Should I Give Up Now?i try to make the story short!
we met at night out with common frens,throuhghout the night we both enjoyed each others company,he tell me a lot of things about himself,we talked about our views in life and everything including hes present relationship,which he claimed that its complicated.....before we apart he asked for my number and texted me then till now...though we dont text each other often only like goodmorning (my name) ,dnt skip meals etc. things like that straight and short.!! then there was one night where he open up hes problem (through text)regarding family, hes pains,disappointments,mistakes etc....i gave him advice and so on...but beefore he open that up with me, in the middle of our conversation he said that hes looking at the moon and it is so beautiful just like me. kinda like that, my reply was "ur crazy" he said "yes very crazy of you" and so and so..i ddint take it seriously though i swear to death im gonna die that moment ... he thought i was mad because of my replies.

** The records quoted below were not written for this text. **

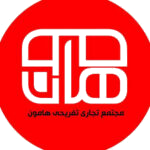 images-150x150 (1)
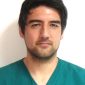 Dr. Alejandro Vásquez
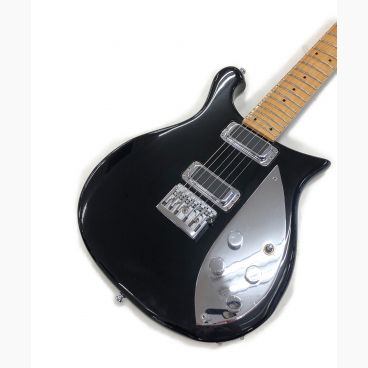 カテゴリ：楽器・機材｜ブランド：Rickenbacker｜在庫：あり】商品一覧｜中古・リサイクルショップの公式通販 トレファクONLINE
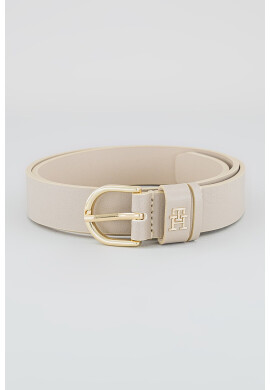 Tommy Hilfiger Кожен колан Essential - Pepit.bg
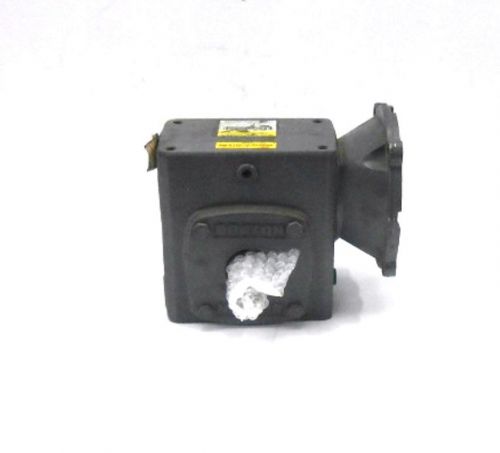 Boston right angle gear reducer f721-20-b5-g, f72120b5g, 20:1 ratio, quilled for sale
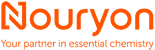 Logo-Nouryon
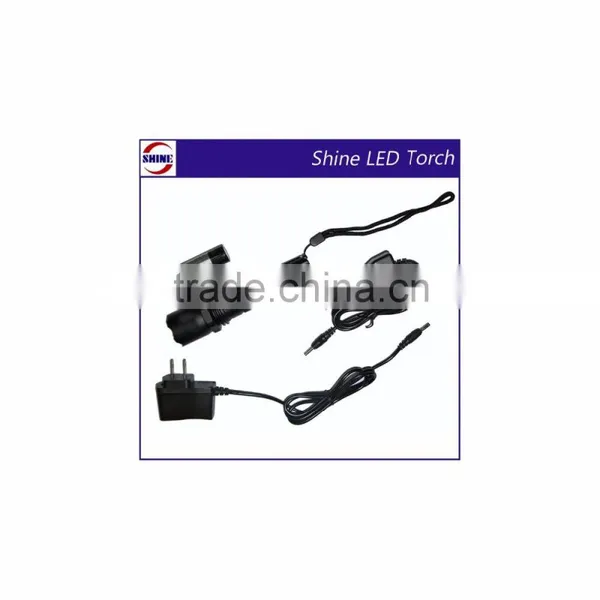LED Torch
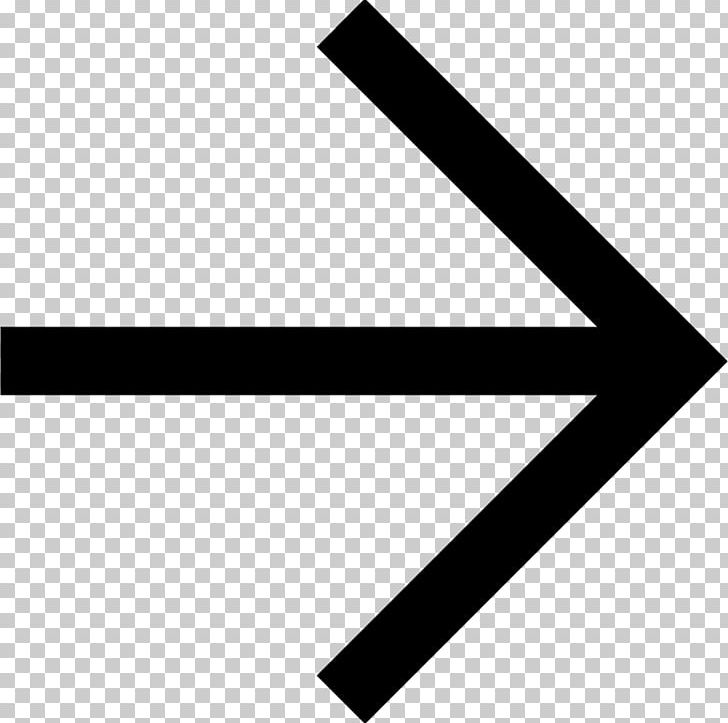 Arrow Computer Icons Android Pointer PNG, Clipart, Android, Angle, Arrow, Base 64, Black Free PNG Download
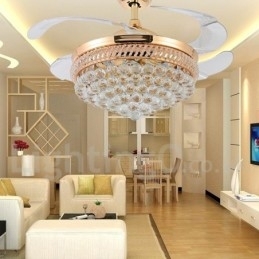 42" Europeisk Stil Moderne Samtids Takvifte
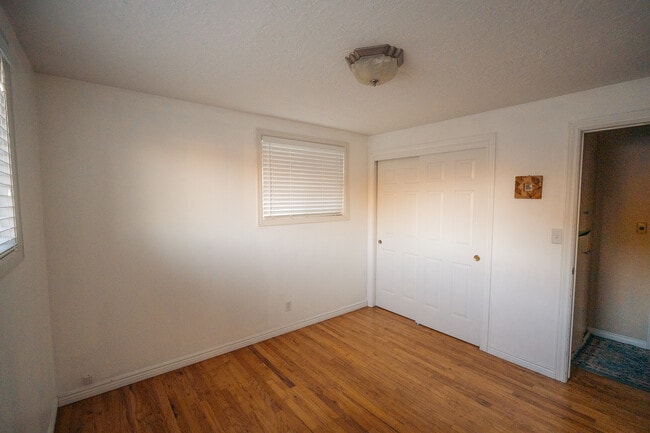 Building Photo - 7858 S 280 E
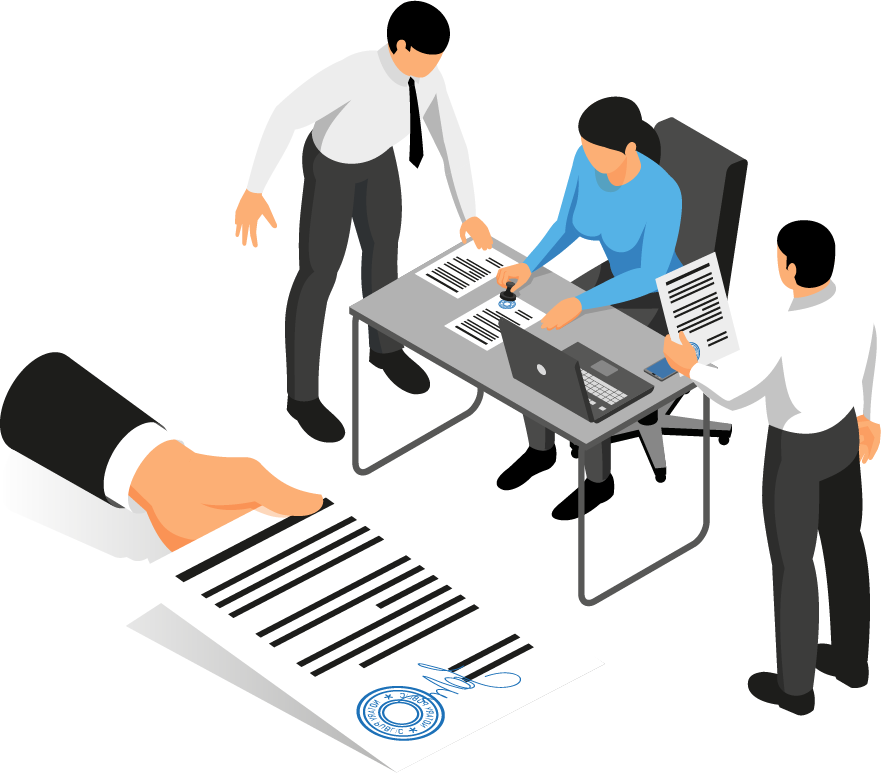 legal_documents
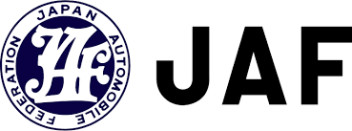 入会して安心！おトク！ＪＡＦ会員になろう！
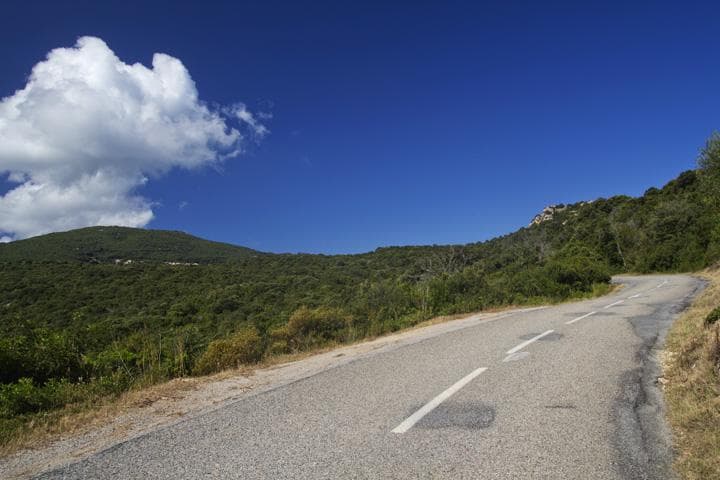 salendo veros belvedere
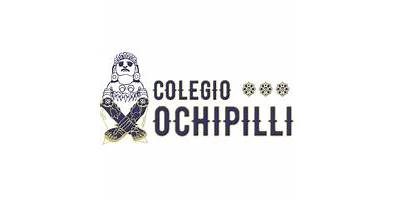 CENTRO EDUCATIVO XOCHIPILLI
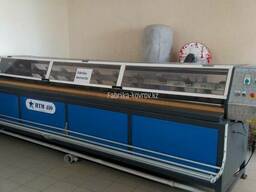 Аква чистка ковров в Астане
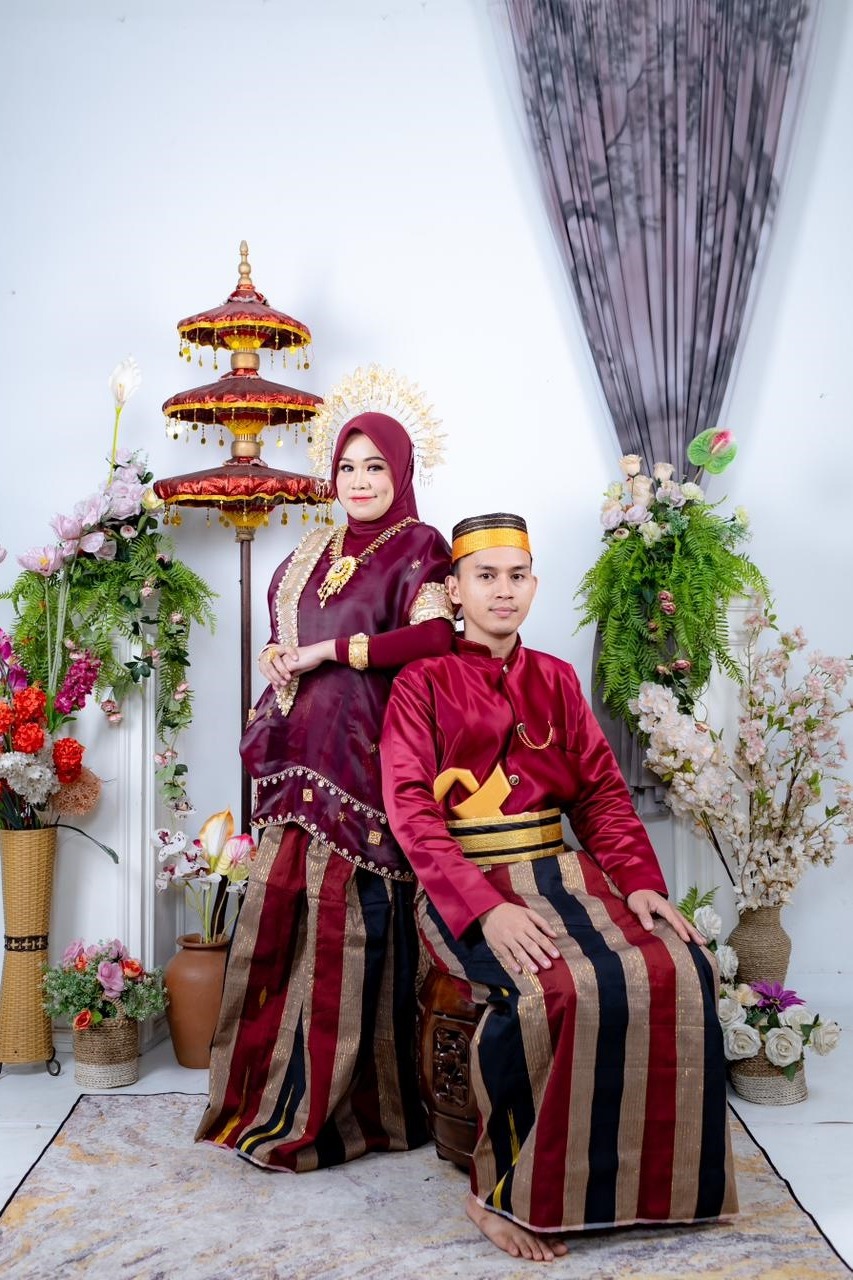 rzsitaardiWhatsApp Image 2026-04-01 at 19.11.47 (1)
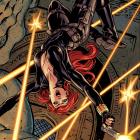 Secret Avengers Declassified: The Missions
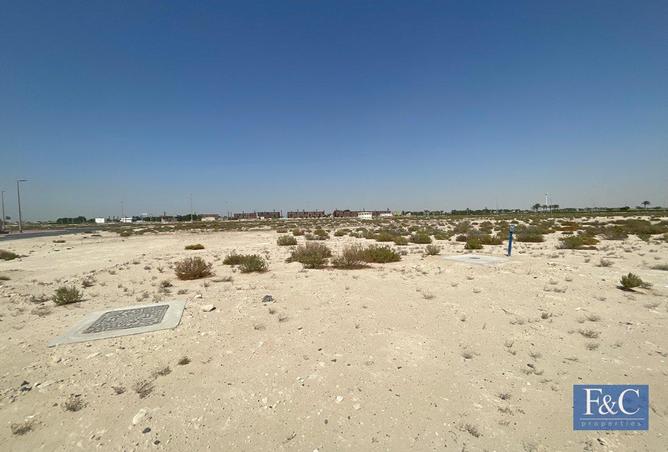 16133506 - Property Image 2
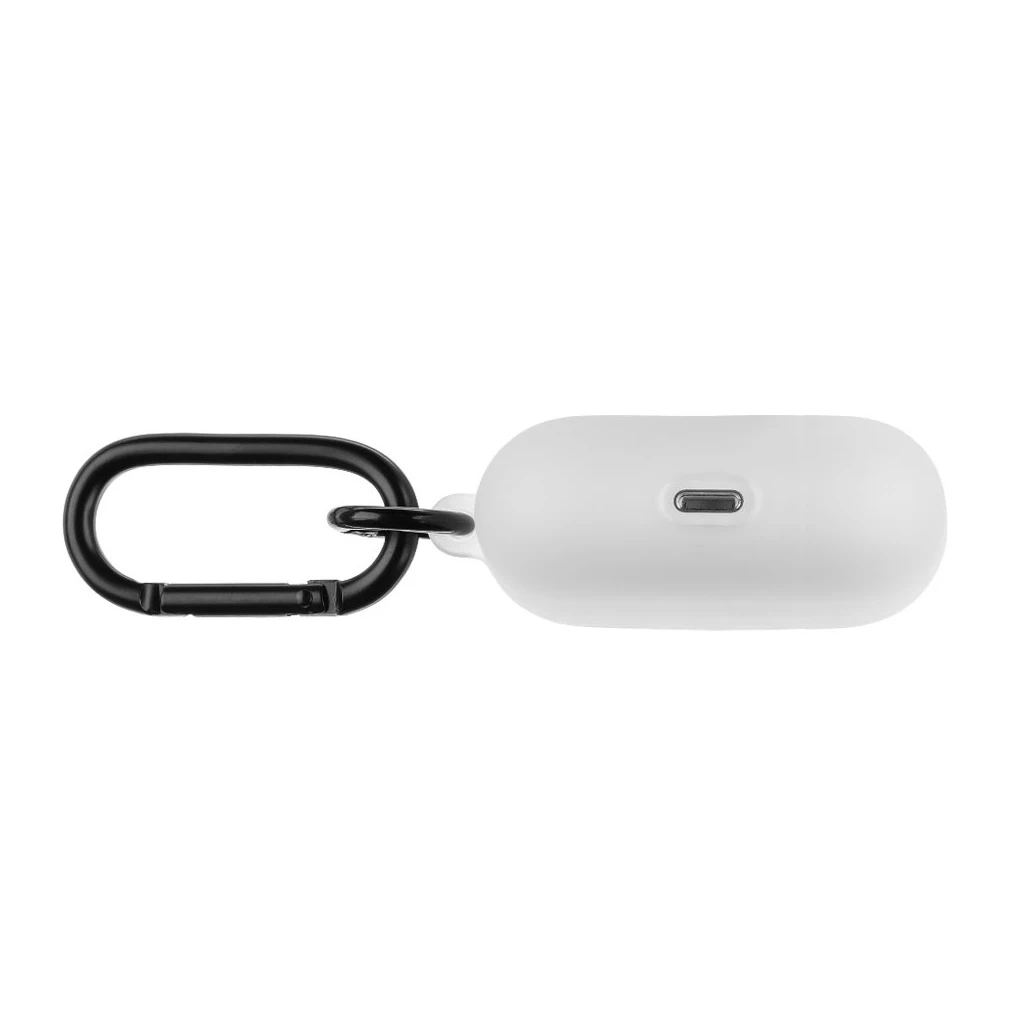 OBAL:ME GhostCase for Apple AirPods Pro 2 készülékhez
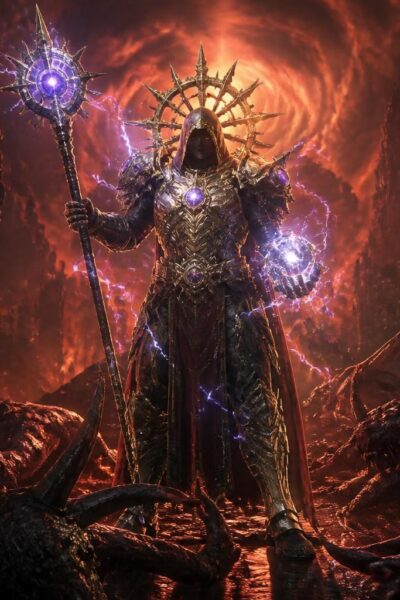 découvrez comment obtenir les uber uniques les plus puissants dans diablo 4 saison 3 pour maximiser votre puissance et dominer vos ennemis.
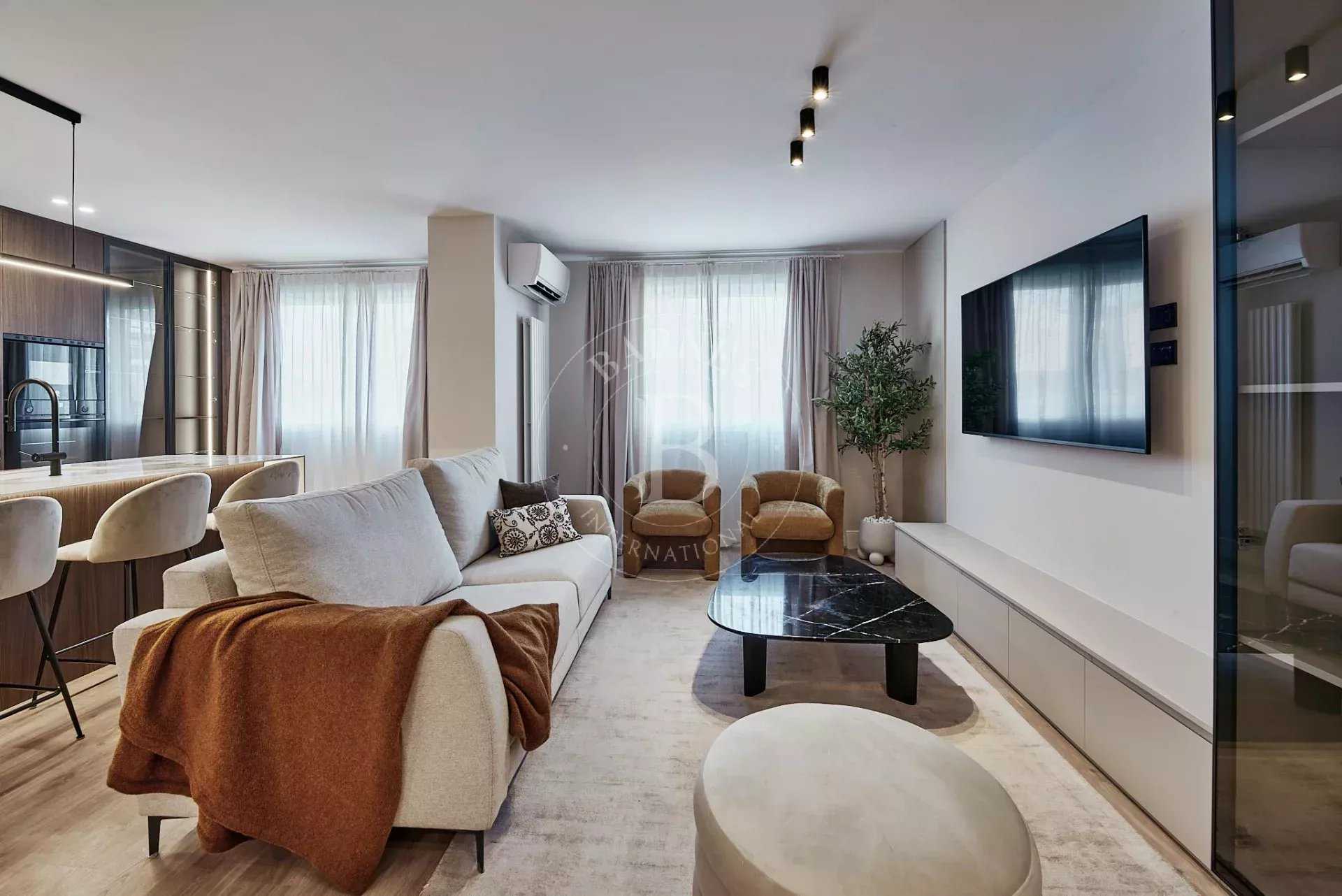 Piso Madrid  -  ref 86541913 (picture 2)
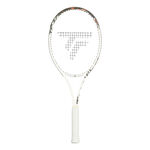 Tecnifibre Tennisrackets Tecnifibre TF-40 305 V 3 (18x20)
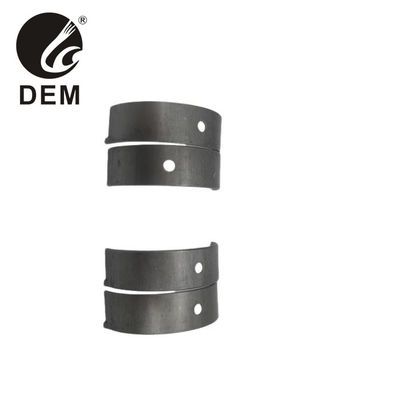 Đối với MAN 26.192 Bộ phận động cơ và vòng bi chính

okay so my problem is im in love with him,and that is one thing im sure about it all started the night we met hes sweetness and the way he cares for me made me fall for him.that night it was so beautiful,its such a wonderful feeeling cant think of a right word to describe what i felt that night it was just so perfect..but then the cold harsh truth is i know and sure as well that hes in love with hes girlfrnd.....
..i wonder why he just seaRched for my facebook yet didnt add me i wonder why he was so sweet to me the night we met whcih im pretty sure he likes me yet didnt pursue to win me.and .i wonder why he dont text me that often like What an interested guy do to a girl he likes...(anyway i remeber i told him the reason i broke up with my bf was he kept on texting me,and i fnd it annoying!)
please ep people help,im really confuse!thanks!iwll appreciate any advice
and bdw its 2 weeks now since we met!